Dia mundial de combate à tuberculose: conscientize-se sobre a doença que mata 4,5 mil pessoas por ano no Brasil




Apesar de ter cura, a tuberculose é a doença infecciosa que mais mata no mundo, superando a AIDS


Neste dia 24 de março é comemorado o Dia mundial de Combate á Tuberculose. Mesmo com tratamento completo oferecido pelo Sistema Único de Saúde (SUS), são registrados 70 mil novos casos por ano e aproximadamente 4,5 mil óbitos no Brasil, de acordo com o Ministério da Saúde . Toda atenção é necessária para diagnosticar a tuberculose, a doença infecciosa mais mortal do mundo segundo a Organização Mundial da Saúde (OMS). 

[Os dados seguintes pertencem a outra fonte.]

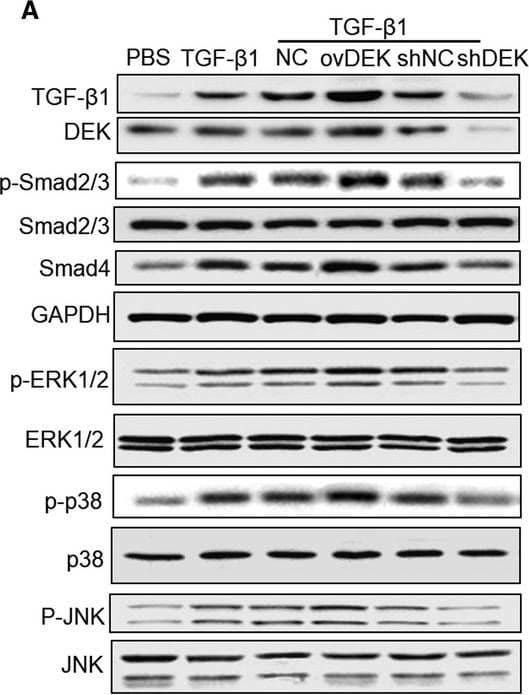 Anti-Smad2 + Smad3 antibody [EPR19557-4] - ChIP Grade(AB202445)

A tuberculose é uma inflamação bacteriana no pulmão. Tem como principais sintomas a febre constante, tosse prolongada, cansaço excessivo, falta de apetite e, nos casos mais graves, tosse com sangue e pus. Pode ser transmitida pela tosse ou até mesmo a fala de alguém infectado. Acomete principalmente os pulmões, mas também pode afetar outros órgãos como pleura e rins. 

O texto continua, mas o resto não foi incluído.